Decision Date29 December 2004
Docket NumberNo. 03-35187.,03-35187.
Citation393 F.3d 1024
PartiesLeland F. DOCKEN, Petitioner-Appellant, v. Doug CHASE, Respondent-Appellee.
CourtU.S. Court of Appeals — Ninth Circuit

Wendy Holton, Helena, MT, for the petitioner-appellant.

No appearance was made by the respondent-appellee.

Appeal from the United States District Court for the District of Montana; Leif B. Erickson, Magistrate, Presiding. D.C. No. CV-02-00018-LBE.

Before: B. FLETCHER, HAMILTON,* and BERZON, Circuit Judges.

BERZON, Circuit Judge:

Montana state prisoner Leland F. Docken brings this federal habeas petition challenging, as here pertinent, the Montana parole board's refusal to provide him with annual review of his suitability for parole.

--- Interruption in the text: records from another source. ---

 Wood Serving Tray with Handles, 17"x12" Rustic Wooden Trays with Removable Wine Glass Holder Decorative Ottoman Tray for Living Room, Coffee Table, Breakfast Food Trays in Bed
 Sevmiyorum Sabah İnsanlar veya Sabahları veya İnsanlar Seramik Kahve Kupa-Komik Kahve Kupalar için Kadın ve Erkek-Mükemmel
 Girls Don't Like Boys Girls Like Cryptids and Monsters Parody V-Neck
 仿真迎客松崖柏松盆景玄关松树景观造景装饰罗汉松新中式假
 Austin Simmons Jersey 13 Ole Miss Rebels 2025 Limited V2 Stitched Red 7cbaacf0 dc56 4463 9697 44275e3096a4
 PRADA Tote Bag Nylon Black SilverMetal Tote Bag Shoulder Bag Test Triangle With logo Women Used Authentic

The district court dismissed this claim as not properly cognizable under the federal habeas statute, 28 U.S.C. § 2254. Because such parole-based claims — which may, but will not necessarily, affect the duration of a prisoner's confinement if meritorious — are cognizable via habeas, we reverse the district court's dismissal of Docken's petition and remand for further proceedings not inconsistent with this opinion.

I. Background

In September 1984, Docken pleaded guilty in a Jefferson County, Montana, court to committing "deliberate homicide" by murdering his father-in-law. See MONT. CODE ANN. § 45-5-102. Docken was sentenced to 100 years in prison and designated, for purposes of parole eligibility, a "dangerous offender." See id. § 46-18-404 (repealed 1995). Docken's plea and sentence were affirmed by the Montana Supreme Court. See State v. Docken, 222 Mont. 58, 720 P.2d 679 (1986).

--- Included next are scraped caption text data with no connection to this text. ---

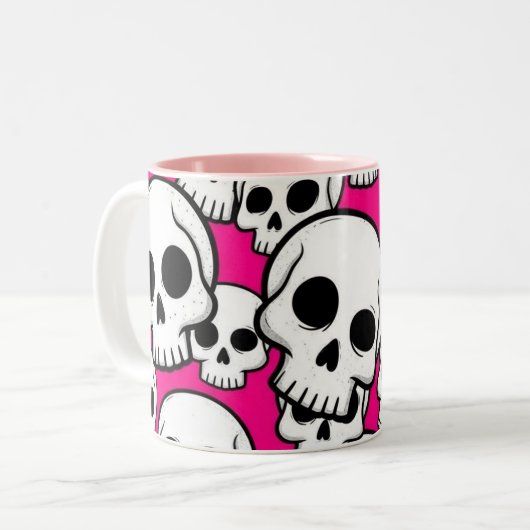 Pink Skull Pattern Coffee Mug Tweekleurige Koffiemok (Voorkant links)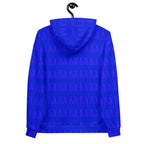 Unisex white hooded sweatshirt with all-over electrical indigo print by Daemon Luxury, made from recycled materials.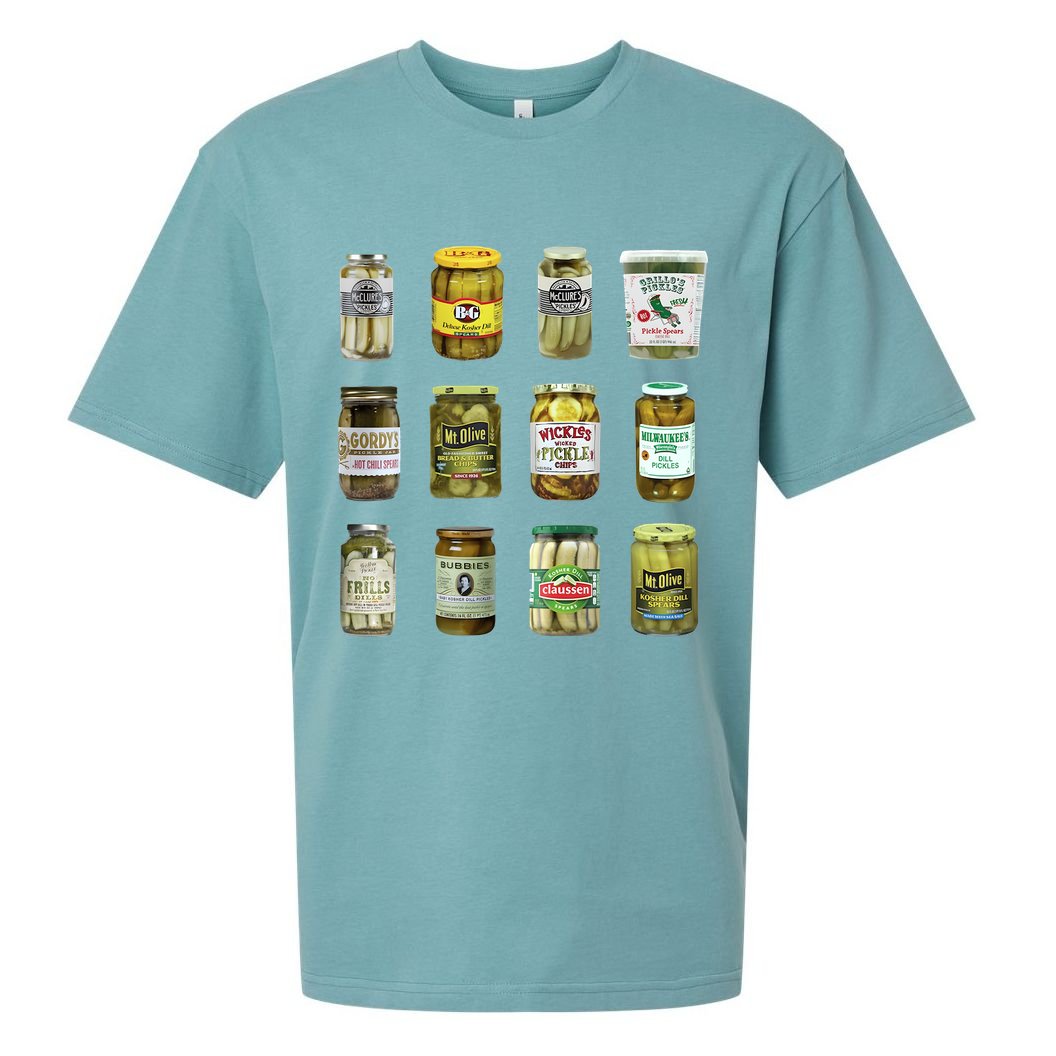 Vintage Canned Pickles Lover Funny Trendy Sueded Cloud Jersey T-Shirt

In late 2001, the Montana Board of Pardons and Parole ("Board") denied parole in Docken's first post-conviction hearing. The Board set the date for his next hearing for September 2006. Soon thereafter, Docken filed a state habeas petition in the Montana Supreme Court, naming Doug Chase, Sheriff of the Missoula County Detention Center, as Respondent.1 Docken's petition argued, among other claims, that the Board violated his constitutional rights under the Ex Post Facto Clause when it changed the period between his reviews for parole from one year to five. The Montana Supreme Court denied Docken's petition in a written order, finding none of his state or federal claims persuasive. See Docken v. Chase, 309 Mont. 531, 43 P.3d 984 (2002) (unpublished table decision).

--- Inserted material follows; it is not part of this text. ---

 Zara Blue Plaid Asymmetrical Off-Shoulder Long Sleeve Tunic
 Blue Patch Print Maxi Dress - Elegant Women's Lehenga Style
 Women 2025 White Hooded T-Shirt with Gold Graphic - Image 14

Docken then filed this habeas petition in the Montana federal district court, raising four principal contentions. The magistrate judge recommended dismissing the first three claims with prejudice, and the fourth, the only claim before us, without prejudice, on the ground that it is not cognizable via habeas but must rather be brought as a civil rights action under 42 U.S.C. § 1983. Citing the Ninth Circuit's decision in Neal v. Shimoda, 131 F.3d 818 (9th Cir.1997), the magistrate judge concluded that "claims involving parole eligibility, as compared to parole decisions," may only be brought under § 1983, for, "[i]f Docken's claim succeeded, he would not be entitled to release." The district court adopted the magistrate judge's findings. We granted a Certificate of Appealability limited to the question of "whether ... appellant's claim of a right to annual review of his suitability for parole is not cognizable under 28 U.S.C. § 2254 and must rather be brought under 42 U.S.C. § 1983."

II. Discussion

We review de novo the district court's dismissal of a habeas petition under 28 U.S.C. § 2254. See Hunt v. Pliler, 384 F.3d 1118, 1123 (9th Cir.2004).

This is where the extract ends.